There are many mysteries of bar codes. This will help you tame yourself in your cage by helping you understand them.
First, what about the mythical Barcode Beast? The last book of the Christian Bible, called Revelation, depicts the symbols as a sign of the end of the world and tells of a creature who has a sign of it. In many translations, this mark will be number 666 (AKA number of beast). Some people are convinced that all UPC bar codes contain this number. This is not really the case.
The only elements that appear in all UPC bar codes are "product lists." The left and right guards consist of three bars, the center of five. Since all figures in UPC are coded by four bars, these product lists are not numbers at all. So, unfortunately, but no 666 Beast has taken over your kitchen.
However, it looks like bar codes mark everything in the kitchen and grocery stores even use them to produce now. This would make them ideal to track your stock. At least, it seems so.
So why not just go out and get a string sticker?
It's not as standard as you might think at first glance. There are some problems that work with food products. UPC codes are limited to prepackaged, canned or bottled products. Fresh produce, meat and salad items rarely use standard code. Producers may not have any identifier at all. Meat and other items sold by weight will often have custom barrels printed for each package. The first part of the code might tell you what's in the package, but the second part will probably be priced based on the weight. Many stores will place a special UPC on an item that tells you nothing more than the item is in sale for $ 3.99!
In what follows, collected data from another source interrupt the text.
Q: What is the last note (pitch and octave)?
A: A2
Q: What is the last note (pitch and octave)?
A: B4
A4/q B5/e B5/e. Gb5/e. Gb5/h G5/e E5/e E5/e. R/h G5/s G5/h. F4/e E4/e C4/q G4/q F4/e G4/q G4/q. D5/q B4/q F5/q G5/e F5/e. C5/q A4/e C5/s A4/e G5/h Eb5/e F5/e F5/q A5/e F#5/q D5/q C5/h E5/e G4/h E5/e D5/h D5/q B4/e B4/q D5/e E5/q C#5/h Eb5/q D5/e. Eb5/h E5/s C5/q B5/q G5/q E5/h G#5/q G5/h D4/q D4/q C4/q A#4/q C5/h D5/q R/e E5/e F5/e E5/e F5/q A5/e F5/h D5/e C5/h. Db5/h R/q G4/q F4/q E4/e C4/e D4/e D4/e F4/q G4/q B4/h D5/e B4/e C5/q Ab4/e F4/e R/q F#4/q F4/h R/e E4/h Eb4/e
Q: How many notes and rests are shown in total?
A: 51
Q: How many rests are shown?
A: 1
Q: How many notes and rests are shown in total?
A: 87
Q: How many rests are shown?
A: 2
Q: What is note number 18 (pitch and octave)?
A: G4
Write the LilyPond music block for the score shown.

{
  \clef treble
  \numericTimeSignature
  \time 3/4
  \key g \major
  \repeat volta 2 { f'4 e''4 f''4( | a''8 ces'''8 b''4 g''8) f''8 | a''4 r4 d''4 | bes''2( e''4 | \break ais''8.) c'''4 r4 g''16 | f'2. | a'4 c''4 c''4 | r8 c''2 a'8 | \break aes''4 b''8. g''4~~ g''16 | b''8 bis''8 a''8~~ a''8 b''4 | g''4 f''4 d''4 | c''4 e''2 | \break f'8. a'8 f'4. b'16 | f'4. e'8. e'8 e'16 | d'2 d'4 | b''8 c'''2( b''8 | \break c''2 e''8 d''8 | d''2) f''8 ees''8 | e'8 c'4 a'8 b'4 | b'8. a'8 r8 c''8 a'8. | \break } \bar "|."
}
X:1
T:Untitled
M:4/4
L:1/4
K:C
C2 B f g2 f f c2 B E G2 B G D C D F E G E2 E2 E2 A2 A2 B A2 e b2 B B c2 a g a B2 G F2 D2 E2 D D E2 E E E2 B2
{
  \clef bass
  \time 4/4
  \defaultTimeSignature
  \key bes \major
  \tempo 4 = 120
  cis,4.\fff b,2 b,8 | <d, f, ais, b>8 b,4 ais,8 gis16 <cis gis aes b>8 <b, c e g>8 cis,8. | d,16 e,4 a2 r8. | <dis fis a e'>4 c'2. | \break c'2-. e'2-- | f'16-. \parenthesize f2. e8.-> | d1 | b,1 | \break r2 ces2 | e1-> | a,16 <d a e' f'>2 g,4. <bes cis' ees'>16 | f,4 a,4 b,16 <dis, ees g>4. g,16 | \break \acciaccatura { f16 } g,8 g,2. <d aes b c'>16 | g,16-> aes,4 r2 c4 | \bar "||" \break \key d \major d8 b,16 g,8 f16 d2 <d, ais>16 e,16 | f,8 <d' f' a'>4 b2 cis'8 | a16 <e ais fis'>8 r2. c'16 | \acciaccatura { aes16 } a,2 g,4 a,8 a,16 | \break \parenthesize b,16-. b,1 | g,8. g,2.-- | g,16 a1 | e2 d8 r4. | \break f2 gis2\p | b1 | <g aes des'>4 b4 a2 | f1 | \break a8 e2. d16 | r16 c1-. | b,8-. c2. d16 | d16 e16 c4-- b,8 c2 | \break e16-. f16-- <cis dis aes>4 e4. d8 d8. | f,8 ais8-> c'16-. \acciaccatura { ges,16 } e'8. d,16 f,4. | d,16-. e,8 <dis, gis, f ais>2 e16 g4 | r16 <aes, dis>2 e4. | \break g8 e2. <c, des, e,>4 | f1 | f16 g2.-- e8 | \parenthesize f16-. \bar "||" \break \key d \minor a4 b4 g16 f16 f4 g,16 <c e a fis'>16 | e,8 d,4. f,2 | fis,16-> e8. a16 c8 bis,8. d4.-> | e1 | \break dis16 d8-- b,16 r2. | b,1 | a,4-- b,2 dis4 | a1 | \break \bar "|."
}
Bar codes labeled with glass or printed on clear plastic are extremely difficult to read and cheap barcode readers are having trouble printing a small print code. You have seen all unscheduled checkboxes in the code because their expensive laser fails to work with bar codes.
Another problem is a clean number of similar items as the average supermarket. Next time you're in a store, count the many different types of tomato paste. THAN, count the number of different sizes and brands.
What can a barcode tell you?
UPC has two main components, one part tells you who did it and the other part is assigned by the manufacturer. You could have 10 12-eyed can of Tuna Hunt at home, but getting a bar code does not help much if you are watching "Contadina Tomato Paste 6 oz" that are on sale. In order to be successful, a home network that uses barcodes should be either translate each barcode into something you can read or cross-cross all possible barcodes for similar products. There are products available that can be done first, but the second process is fundamentally impossible.
The next piece of puzzle is how are things sold in groups (like eggs) or in bulk (like wheat)? Or worse, the amount of items you pour into a can (like dry pasta) and throw away the bag or box away. What do you scan when you need more?
What about closing dates? There is nothing in UPC to give you a clue. Scanning items in the home makes sense if the item is something you collect or rent, like DVD or books, because each one is unique and you are unlawful to have more than one. But the food comes in too many shapes and types to scan to be very useful in the kitchen, unless you set up your own system, so you know exactly what is and is not in contact with the corresponding items. To a limited extent this will work.
What portable barcode reader can do for you.
On the other hand, a compact barcode marker can be very useful for watching books, DVDs (what you own and what you rent), toys (like hot bikes), music and comics. Related to a page that allows you, your relatives and friends to build preferences and inventions, it can be very useful for giving or monitoring what you have loved to people.
Many companies have tried to build bar-based food management, even going as far as possible to use web-enabled barcode-reading fridge! None of these efforts gained much. We suspect they were designed by people who have only beer and corn chips in the kitchen.